# Introduction
This notebook contains a working example of the Similarity Based Saliency Maps (SBSM) API for choosing to use 
an occlusion-based saliency map algorithm.

This example will follow an application-like use case where we define a functionally rigid process that transforms input images into saliency heatmaps based on their similarity with a probe image in embedding space.

We will show that it is easy to change which of our API implementations are used in the application without impacting the application's successful execution, using a sliding-window perturbation algorithm.

This will necessarily include the use of a deep model for feature vector generation that we will be determining the saliency for.
We will fill this role here with a PyTorch Imagenet-pretrained ResNet18 network truncated after the last global average pooling layer.

### Table of Contents
* [Set Up Environment](#Set-Up-Environment-similarity)
* [The Test Images](#The-test-images-similarity)
* [The "Application"](#The-application-similarity)
* [Feature Extraction Model](#Feature-Extraction-Model-similarity)
* [XAI Components](#XAI-Components-similarity)
* [Calling the Application](#Calling-the-Application-similarity)

### Miscellaneous
License for test image used may be found in 'COCO-LICENSE.txt'.

#### References
1. Dong, Bo, Roddy Collins, and Anthony Hoogs. "Explainability for Content-Based Image Retrieval." CVPR Workshops. 2019.

<br>

To run this notebook in Colab, use the link below:

[![Open In Colab](https://colab.research.google.com/assets/colab-badge.svg)](https://colab.research.google.com/github/XAITK/xaitk-saliency/blob/master/examples/SimilarityScoring.ipynb)

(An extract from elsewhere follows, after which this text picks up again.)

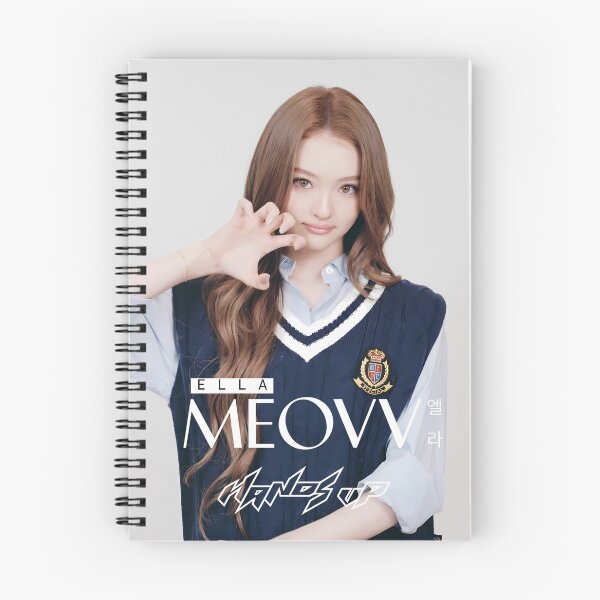 Item preview, MEOVV Ella MeMeMe Hands Up Drop Top Merch | Exclusive Fan Collection designed and sold by Valereekmerch.
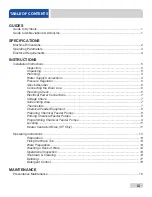 Preview for 6 page of Jackson DishStar HT Installation, Operation And Service Manual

# Set Up Environment <a name="Set-Up-Environment-similarity"></a>

In [1]:
!pip install -qU pip
!pip install -q xaitk-saliency
!pip install -q "torch==1.9.0"
!pip install -q "torchvision==0.10.0"

# The Test Images <a name="The-test-images-similarity"></a>
We will test this application on the following images.
We know that these images contains the Imagenet class of "boxer" and the superclass "dog".

In [2]:
import PIL.Image
import matplotlib.pyplot as plt
import urllib.request


# Test images to be explained
test_image1_path = 'data/catdog.jpg'
urllib.request.urlretrieve('https://farm1.staticflickr.com/74/202734059_fcce636dcd_z.jpg', test_image1_path)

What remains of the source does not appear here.